I pewnie powolny rozwój zespołu nie byłby dla mnie większym problemem, ale wystarczyło kilka spotkań, by bardzo boleśnie przekonać się, że nawet kilka punktów w ocenie więcej znacząco wpływa na możliwości piłkarzy. Zawodnicy lepiej rozgrywają piłkę, potrafią bez większego problemu wygrać sprint, a przez mocniejszą obronę naprawdę trudno się przedostać. Standardowo sporo zależy od tego, jakie umiejętności posiada drugi gracz, jednak UFL to jedna z tych produkcji dostępnych w modelu biznesowym free-2-play, w której zainwestowanie 200 zł robi ogromną różnicę, a każde kolejne wydanie pieniądze na skład mają duży wpływ na rywalizację.
Grając w UFL dosłownie widzimy, jak drugi zawodnik posiada przewagę za sprawą samych piłkarzy, którzy lepiej reagują na wydarzenia na boisku – podstawowy skład jest tak naprawdę fatalny, więc każda kolejna zmiana obrońcy, pomocnika czy też napastnika wpływa na możliwości w każdym podstawowym elemencie gry. Pewnie nie byłby to tak duży problem, jednak wystarczy wygrać 2-3 spotkania, by wylosować gracza z mocniejszym składem i choć w takich meczach również można się postawić i pokazać swoje zdolności, to jednak... jest po prostu znacznie trudniej.

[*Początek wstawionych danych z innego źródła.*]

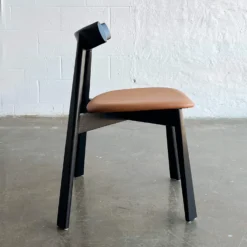 Florence Dining Chairs - Floor Model -Chair Funiture Shop IMG 9500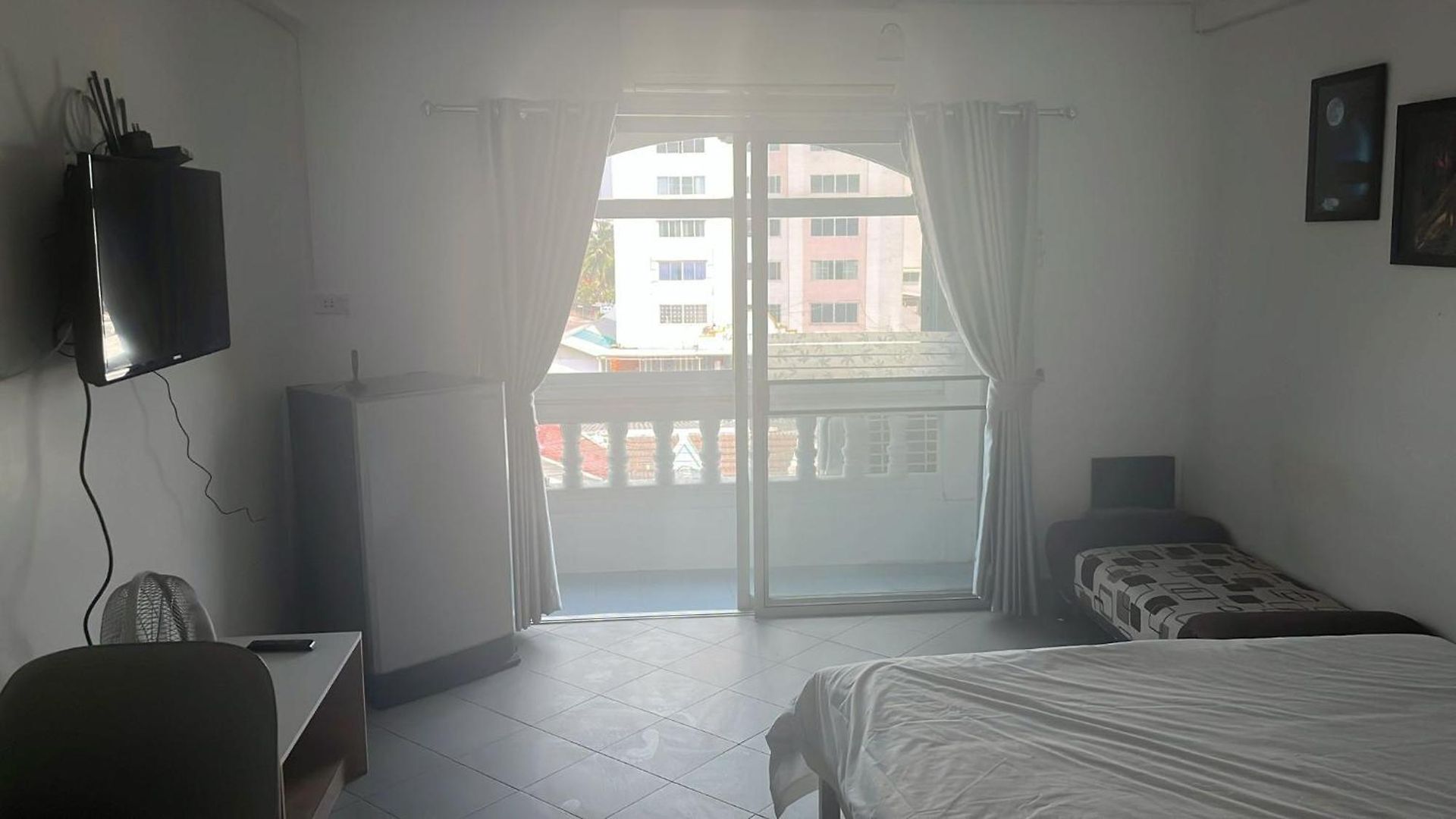 Apartment Niruan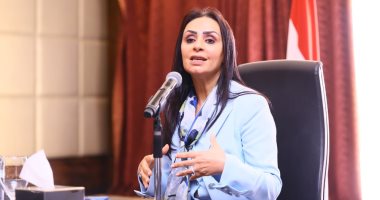 وزيرة التضامن: استراتيجيتنا تعتمد على الانتقال من الدعم إلى التمكين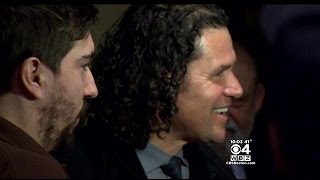 Jeff Bauman Helps Raise Money For Arredondo Family Foundation Content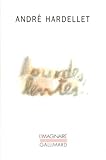 Lourdes, lentes-- by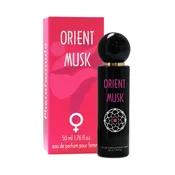 Gardj Europe Feromoni – ORIENT MUSK 50 ml za ženske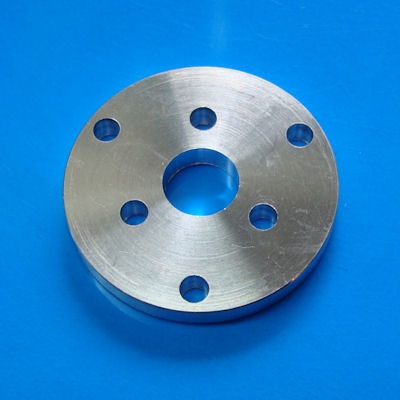 Chassis Disc style 3 with holes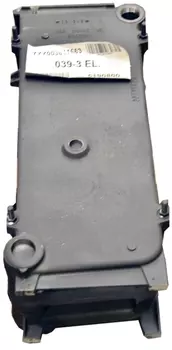 Теплообменник Baxi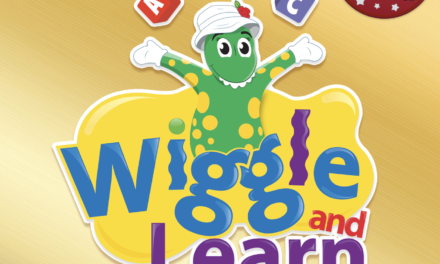 The Wiggles Releases 100th Album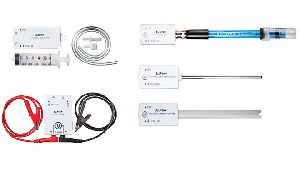 Wireless Chemistry Starter Bundle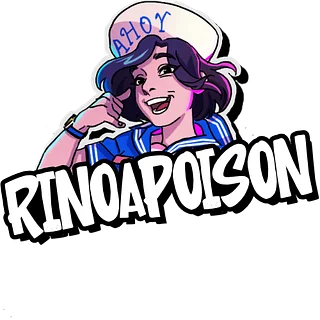 RinoaPoison
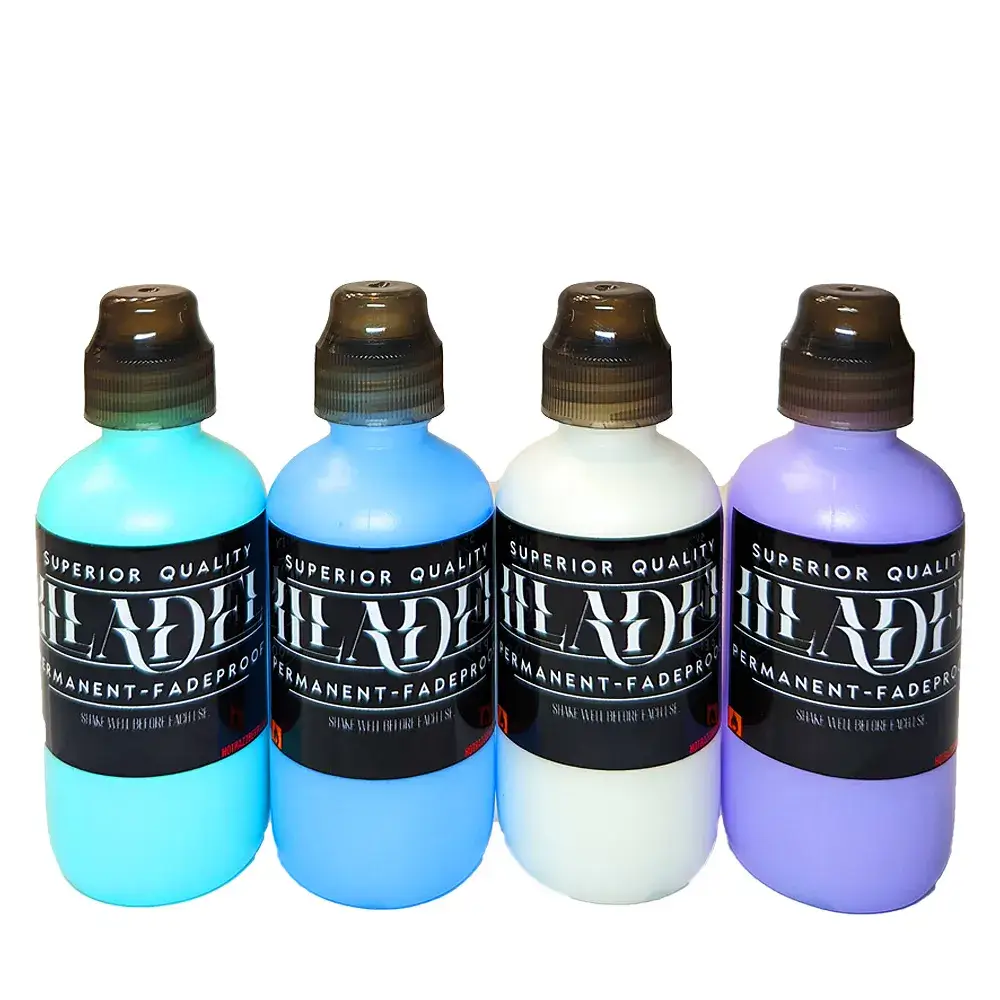 New Colorz Premium Mops Now Available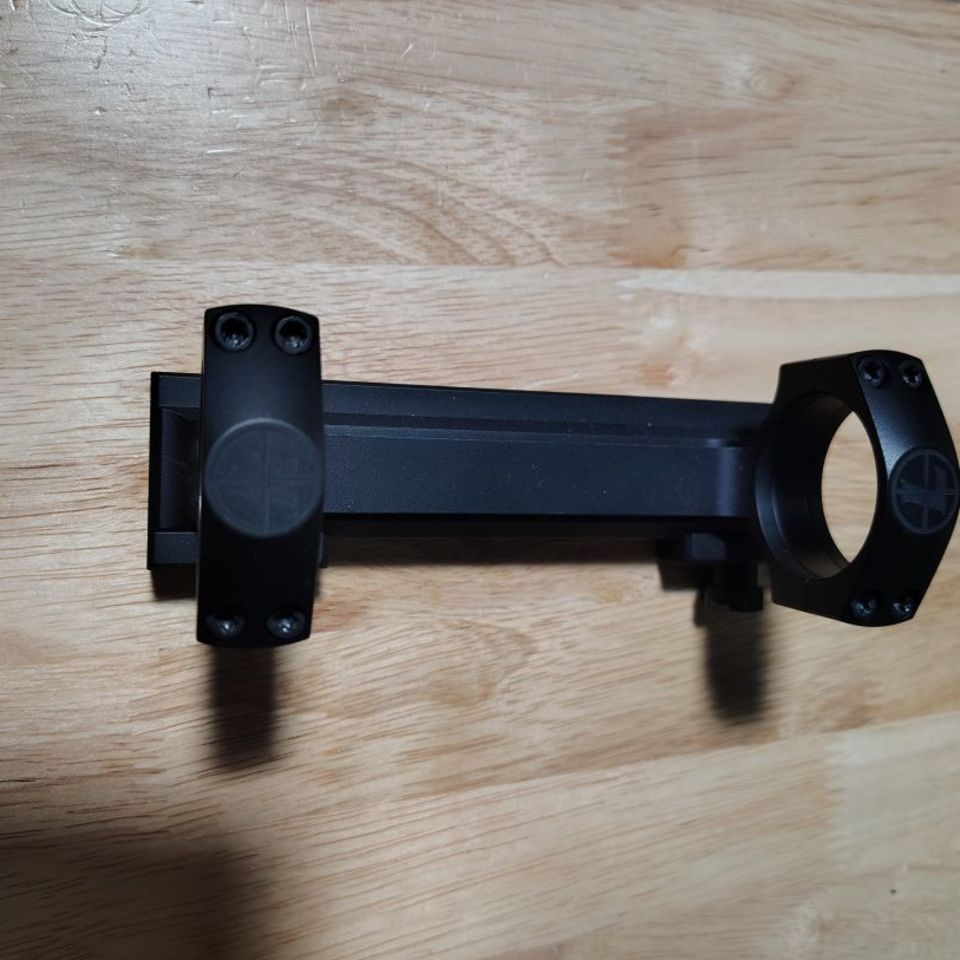 Image 2 - Leupold Ims mount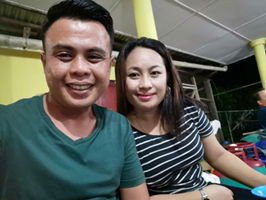 Farena DJ profile icon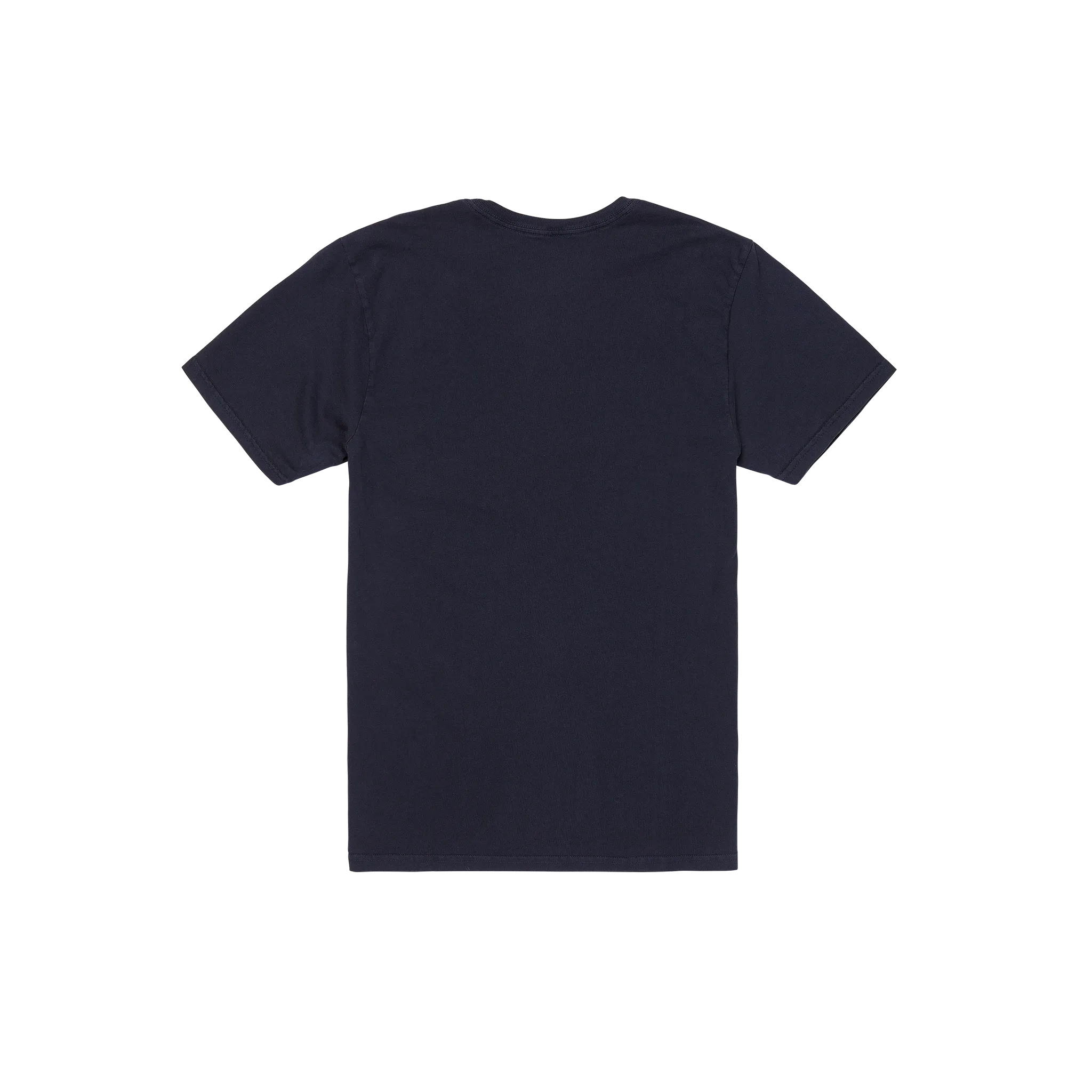 Naval Short Sleeve Tee - Navy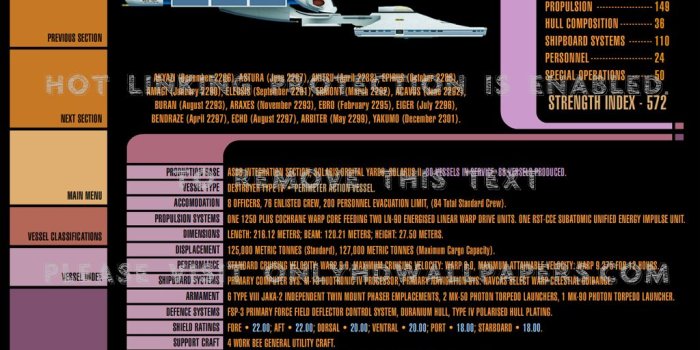 1024x819 Star Trek LCARS Star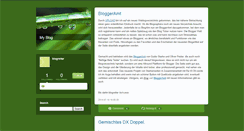 Desktop Screenshot of blogreiter.typepad.com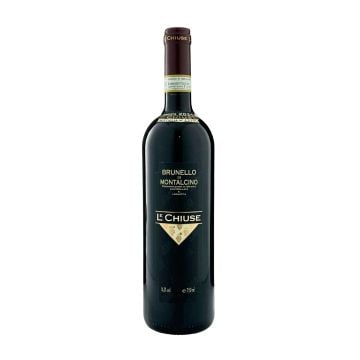 2021 Le Chiuse Brunello di Montalcino
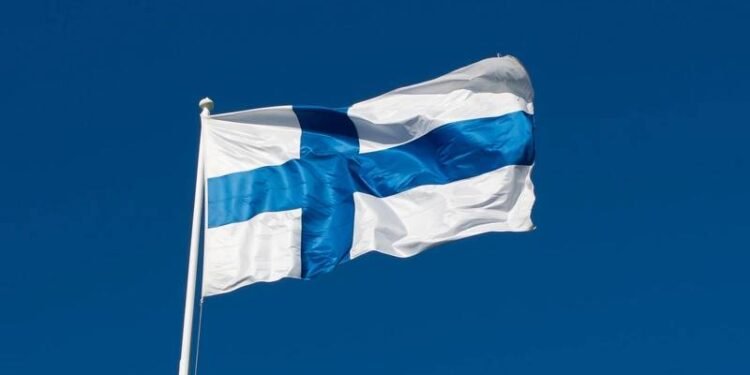 Finland Probing Russian, Chinese Ships Over Gas Pipeline Damage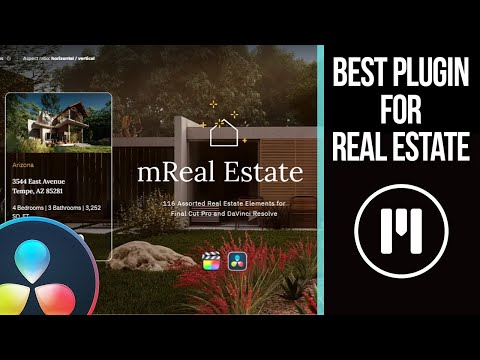 So Much for So Little... mReal Estate Plugin Review!!!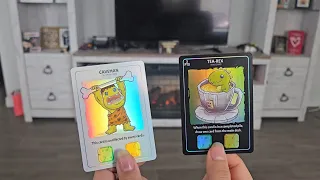 Caveman Rumble Tournament 2024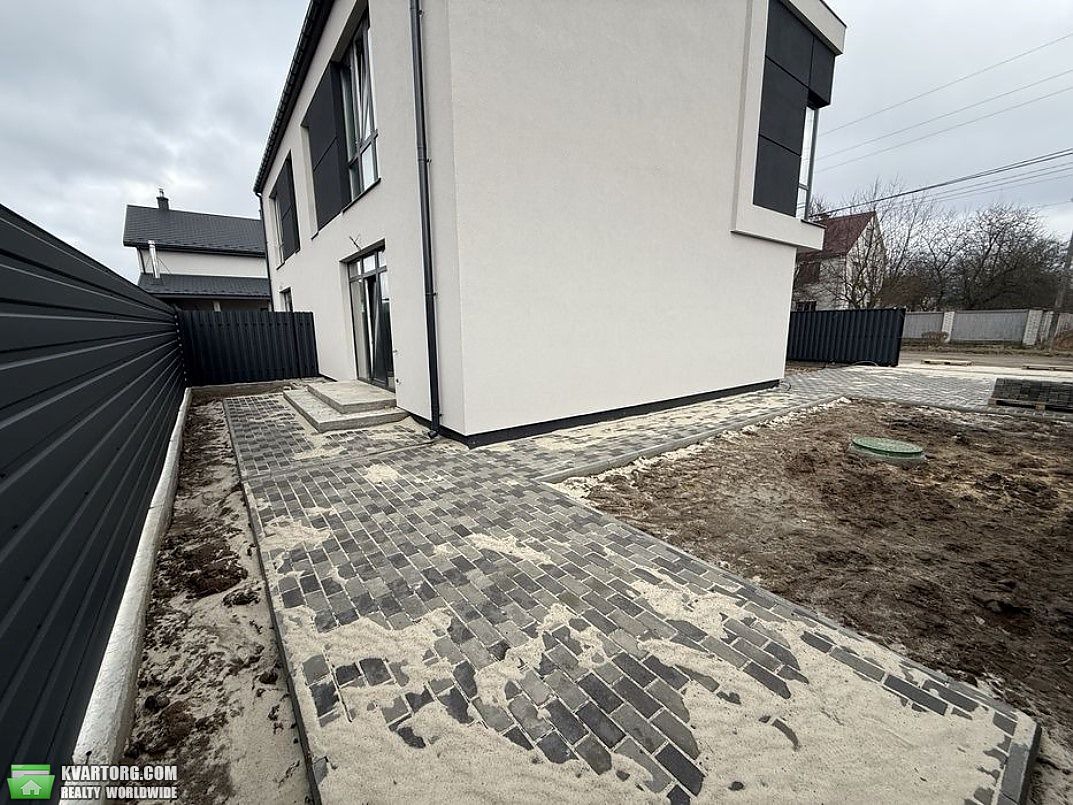 Sell Townhouse. Белогородка, Шевченкове — photo 10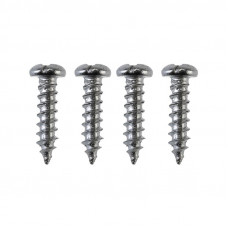 Панель лицевая 80х150 для модулей Mosaic, пластиковый суппорт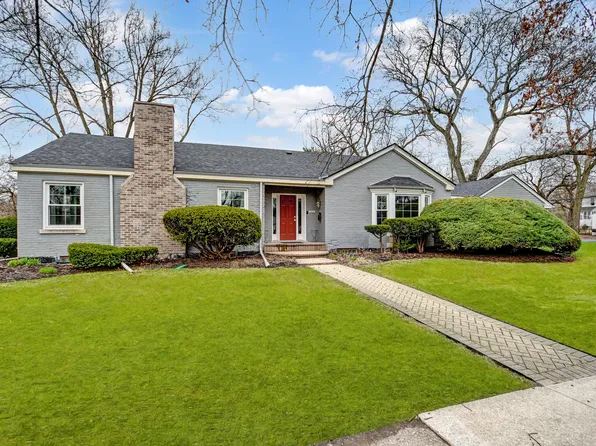 2425 Flossmoor Rd, Flossmoor, IL 60422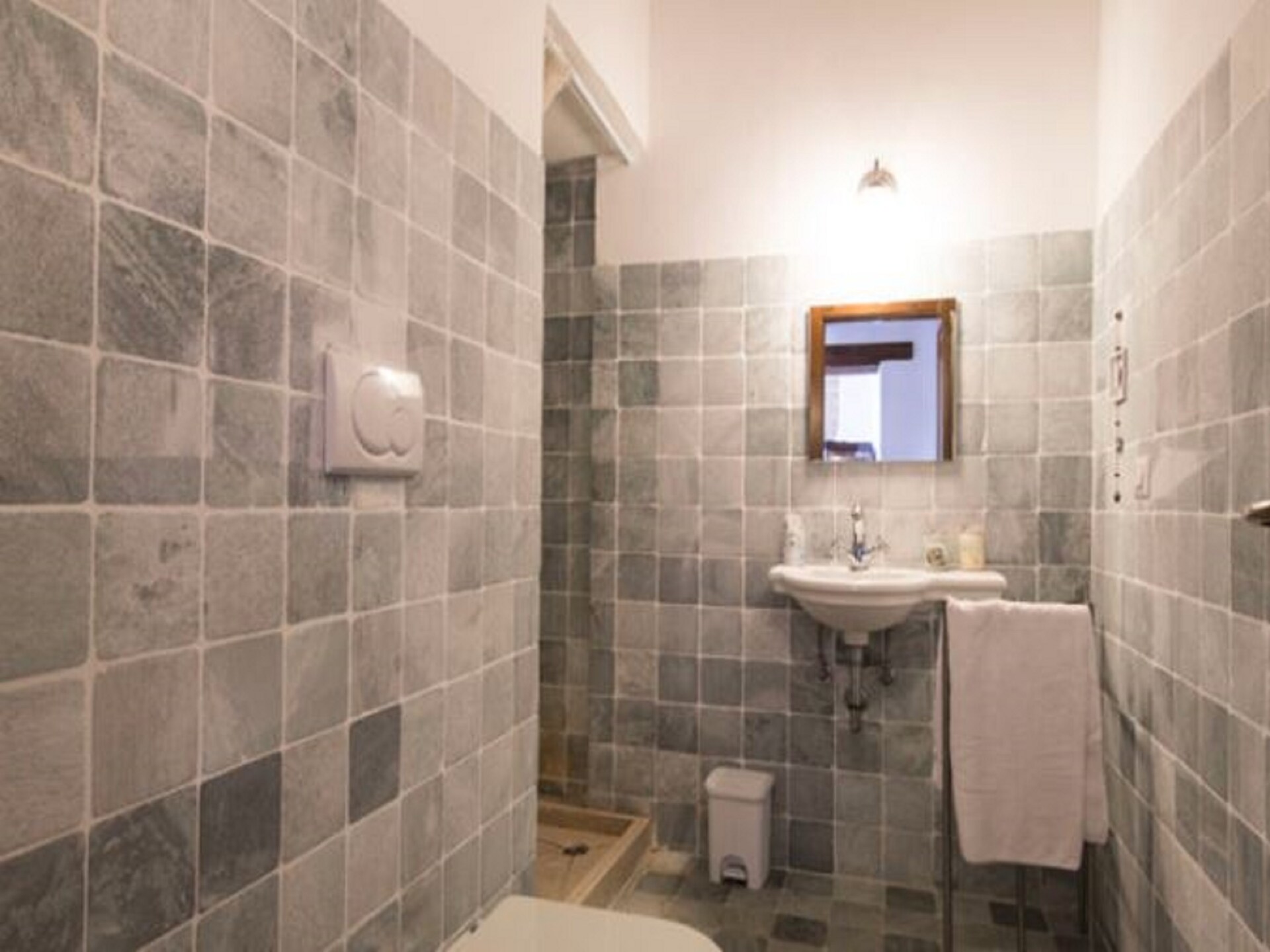 Appartement Menta in Ascoli Piceno: landelijke rust met zwembad - foto 30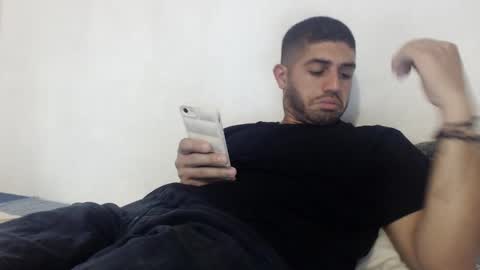 Snapshot of mrcum24 chatting on 01/04/25, 10:02 Will online show from 01/04/25, 10:02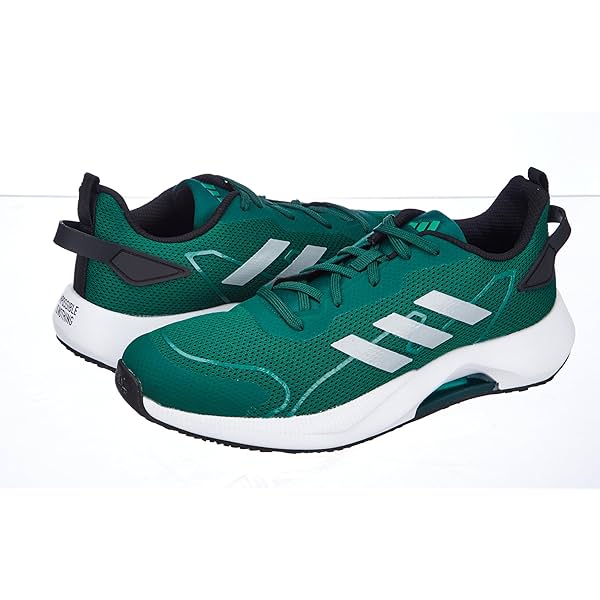 Image of adidas Mens Runcrypt M Running Shoe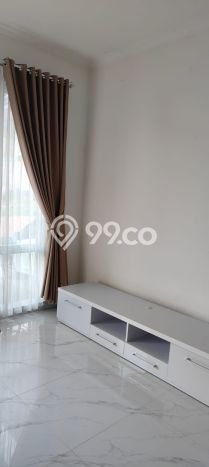 Rumah Sewa Semarang LT 84m2 LB 80m2 Area Simongan Rumah Sewa Semarang LT 84m2 LB 80m2 Area Simongan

Ciekawym pomysłem deweloperów UFL jest rozwój piłkarzy. Zawodnicy zdobywają punkty doświadczenia, dzięki którym poprawiają swoje oceny, a my nawet możemy wpłynąć na ich rozwój poprawiając zdolności. Ma to szczególny sens na początku zabawy, gdy tak naprawdę musimy mierzyć się z fatalnym składem i zbierać cyfrową walutę na pierwsze zakupy. Muszę jednak przyznać, że mało która gra w ostatnim czasie tak bardzo pokazała mi, jak dużą rolę we free-2-play zapewnia rozwój swojego składu. W UFL dosłownie każdy zakup cieszy, bo mamy świadomość, że będziemy lepiej radzić sobie na boisku... radość trwa jednak do momentu, gdy po drugiej stronie murawy pojawi się formacja z +5-10 punktów lepszym składem. A niestety takie sytuacje zdarzają się zdecydowanie za często.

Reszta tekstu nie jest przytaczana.